- **DATA**
....

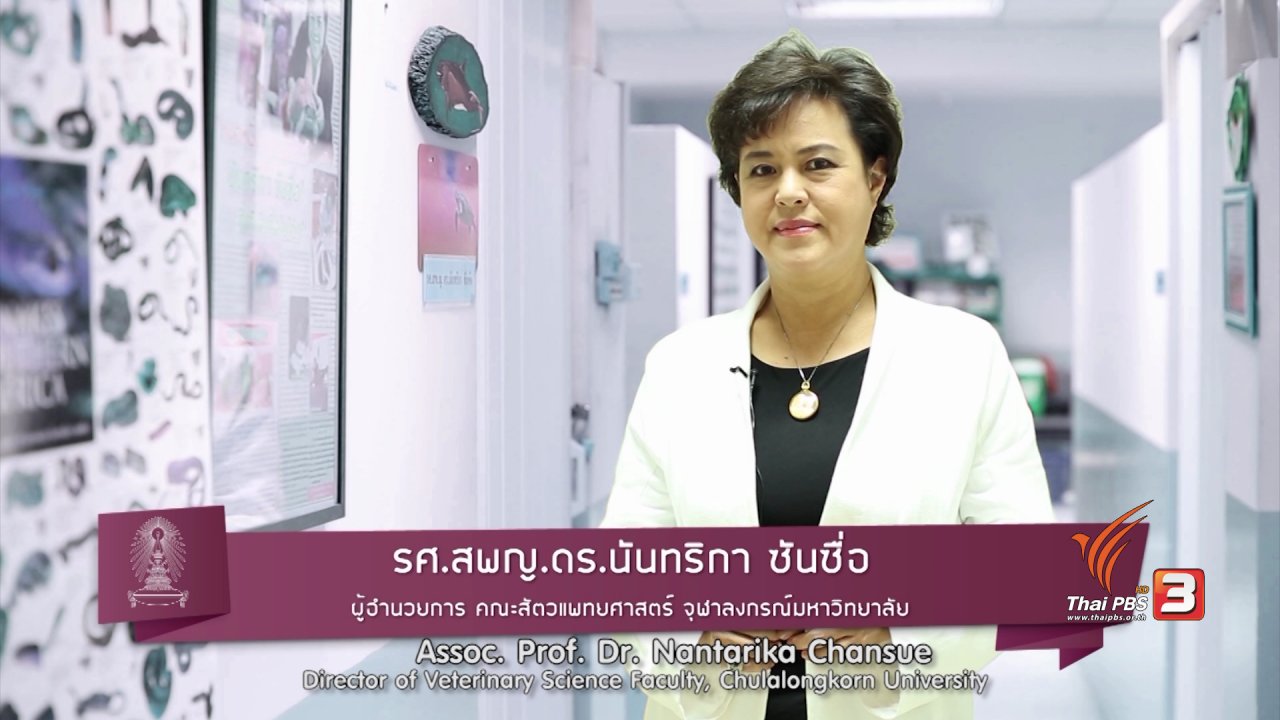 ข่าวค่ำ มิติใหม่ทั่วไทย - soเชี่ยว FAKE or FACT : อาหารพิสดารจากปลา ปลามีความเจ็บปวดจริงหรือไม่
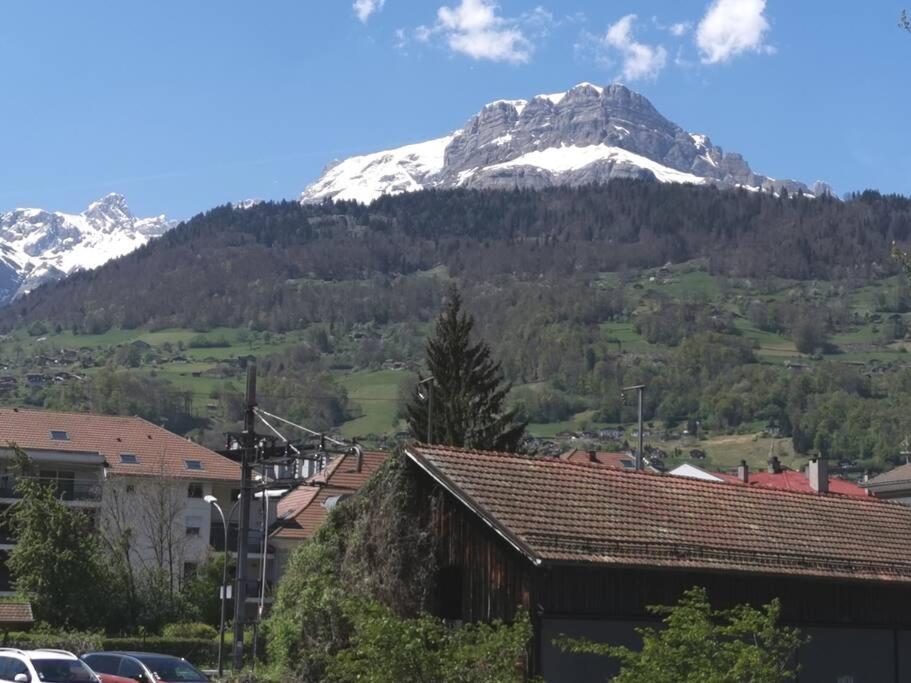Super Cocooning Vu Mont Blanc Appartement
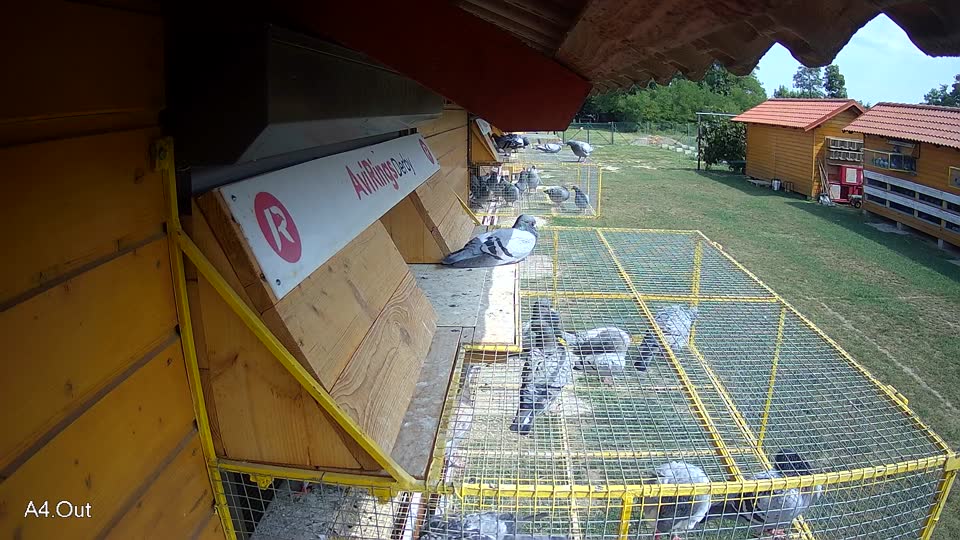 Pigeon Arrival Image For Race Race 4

....

- **ASSIGNED TASK**
The data must come back word for word, with every picture removed.

- **EXERCISE SOLUTION**
 ข่าวค่ำ มิติใหม่ทั่วไทย - soเชี่ยว FAKE or FACT : อาหารพิสดารจากปลา ปลามีความเจ็บปวดจริงหรือไม่
Super Cocooning Vu Mont Blanc Appartement
 Pigeon Arrival Image For Race Race 4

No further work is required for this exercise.